The 2021 federal budget that President Donald Trump has proposed includes a measure that would improve the solvency of the Pension Benefit Guaranty Corporation (PBGC) by increasing the insurance premiums paid by underfunded multiemployer pension plans by $26 billion over 10 years.
The Department of Labor (DOL) says PBGC premiums are currently far lower than what private financial institutions would charge for insuring the same risk. If the premiums were increased, DOL says, PBGC would be able to fund the multiemployer program for the next 20 years.
DOL notes that the multiemployer program covers 10 million participants and is in dire financial condition. Its deficit in 2019 was $65.2 billion, with only $2.9 billion in assets and $68 billion in liabilities. If nothing is done to repair the program, it will become insolvent by the end of 2025, DOL says.
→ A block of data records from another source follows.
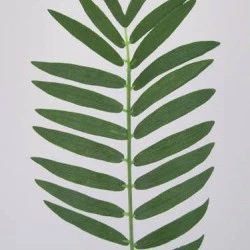 Small Cycas Leaf (Areca or Pogonatherum Palm) - PM003 J3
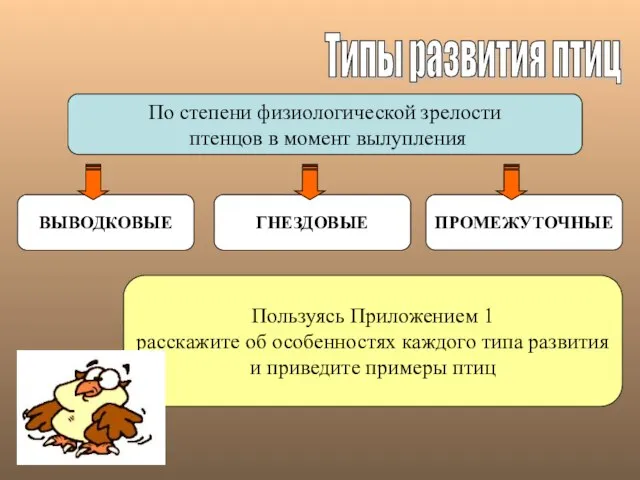 Типы развития птиц По степени физиологической зрелости птенцов в момент вылупления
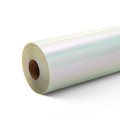 LOKLiK Heat Transfer Vinyl Chameleon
Currently, multiemployer plans are paying a flat rate of $30 per participant. The budget proposes creating a variable rate premium (VRP), as exists in the single-employer program, and an exit premium
The multiemployer VRP would require plans to pay an additional premium based on their level of underfunding, up to a cap that would be indexed to national average wages. An exit premium, equal to 10 times the VRP cap, would be assessed on employers that withdraw from a plan to compensate the insurance program for the additional risk imposed on it when employers leave the system and cease making plan contributions.